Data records
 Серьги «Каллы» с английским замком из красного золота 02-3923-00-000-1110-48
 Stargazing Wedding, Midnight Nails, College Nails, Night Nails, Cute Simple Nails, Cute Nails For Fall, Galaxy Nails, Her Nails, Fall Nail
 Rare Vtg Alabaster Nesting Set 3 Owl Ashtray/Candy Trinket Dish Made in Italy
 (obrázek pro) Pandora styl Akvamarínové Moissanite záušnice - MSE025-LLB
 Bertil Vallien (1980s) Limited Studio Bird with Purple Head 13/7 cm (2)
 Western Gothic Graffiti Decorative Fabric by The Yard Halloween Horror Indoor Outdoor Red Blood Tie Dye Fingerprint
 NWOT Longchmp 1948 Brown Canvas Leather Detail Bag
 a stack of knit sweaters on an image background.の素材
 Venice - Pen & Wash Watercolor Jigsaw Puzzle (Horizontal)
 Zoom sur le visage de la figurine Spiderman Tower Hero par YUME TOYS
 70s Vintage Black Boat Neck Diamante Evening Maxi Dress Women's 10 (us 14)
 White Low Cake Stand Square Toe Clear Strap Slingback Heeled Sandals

What is required:
Copy out the line holding "a stack of knit" along with all lines after it through the end of the entries, exactly and only these.

Task solution:
 a stack of knit sweaters on an image background.の素材
 Venice - Pen & Wash Watercolor Jigsaw Puzzle (Horizontal)
 Zoom sur le visage de la figurine Spiderman Tower Hero par YUME TOYS
 70s Vintage Black Boat Neck Diamante Evening Maxi Dress Women's 10 (us 14)
 White Low Cake Stand Square Toe Clear Strap Slingback Heeled Sandals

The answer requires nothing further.